Pengurus Besar Nahdlatul Ulama (PBNU) meluncurkan buku berjudul 'Perjuangan Besar Nahdlatul Ulama' di kantor PBNU Pusat, Jakarta, Rabu (11/3/2020). Buku ini menceritakan asal usul lahirnya Nahdlatul Ulama (NU) di Indonesia.
Menurut sang penulis yang tidak lain adalah Katib 'Am atau Sekretaris Umum PBNU Yahya Cholil Staquf, NU lahir pada tahun 1926 atau setelah peradaban Kekhalifahan Turki Usmani runtuh. Padahal, saat itu Kekhalifahan Turki Usmani merupakan representatif dunia Islam.
SCROLL TO CONTINUE WITH CONTENT
Umat Islam pun mencari-cari peradaban baru seperti apa yang harus bisa dibuat. Maka dari itu, muncul lah usulan dari Kiai Wahab Hasbullah untuk mendirikan NU sebagai solusi dari runtuhnya peradaban lama.
Namun, usulan tersebut tak langsung disambut. Sang guru dari Kiai Wahab, Kiai Haji Muhammad Hasyim Asy'ari meminta persetujuan kepada gurunya lagi, Kiai Muhammad Kholil Bangkalan. Dari situ, NU diberikan izin untuk didirikan.
"Keyakinan kita itu mendirikan NU untuk menyongsong peradaban baru karena belum ada yang tahu siapa yang menggantikan konstruksi lama," jelas dia di sela-sela peluncuran buku 'Perjuangan Besar Nahdlatul Ulama'.
Selain itu, kata pria yang akrab disapa Gus Yahya ini, nama NU memiliki arti yang sangat mendalam, yakni kumpulan untuk merintis tanggapan terhadap perubahan peradaban yang diketuai oleh ulama.

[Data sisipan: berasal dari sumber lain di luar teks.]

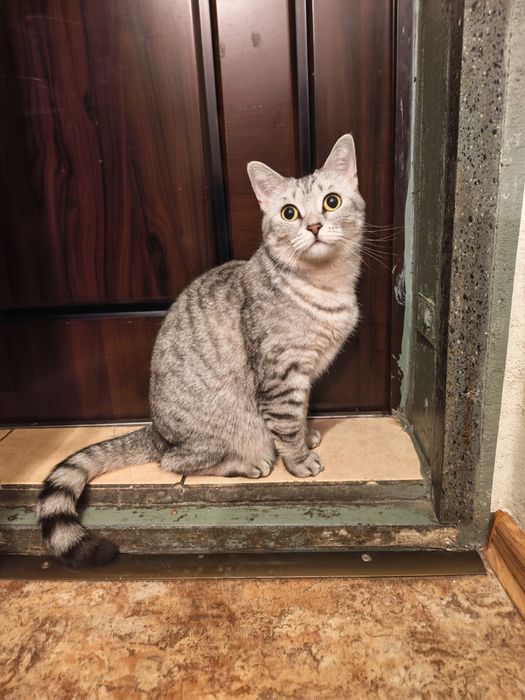 Отдам кошку в хорошие руки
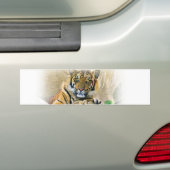 Tiger, Suche_ Autoaufkleber (Auf Auto)
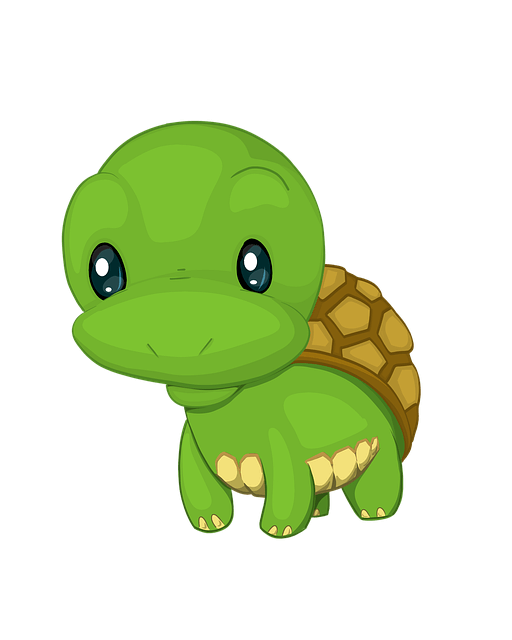 거북이 투자법으로 주식 투자 성공하기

"Gimana sikap Islam terhadap perubahan itu maka yang harus jawab adalah ulama. Makanya namanya Nahdlatul Ulama," tegas dia.
Maka dari itu, ia menjelaskan NU bertugas untuk mencari peradaban baru untuk umat Islam pasca runtuhnya Kekhalifahan Turki Usmani. Bahkan, saat ini NU disebut telah menjadi rujukan bagi umat Islam global.
"Jadi tugas itu mencari bersama-sama. Nah, NU hari ini sudah mulai dilihat dunia sebagai rujukan yang masuk akal sebagai rujukan dunia, bahwa cita-cita NU mewujudkan peradaban baru yang lebih mulia, harmonis yang memiliki kesetaraan hak dan martabat," tutup dia.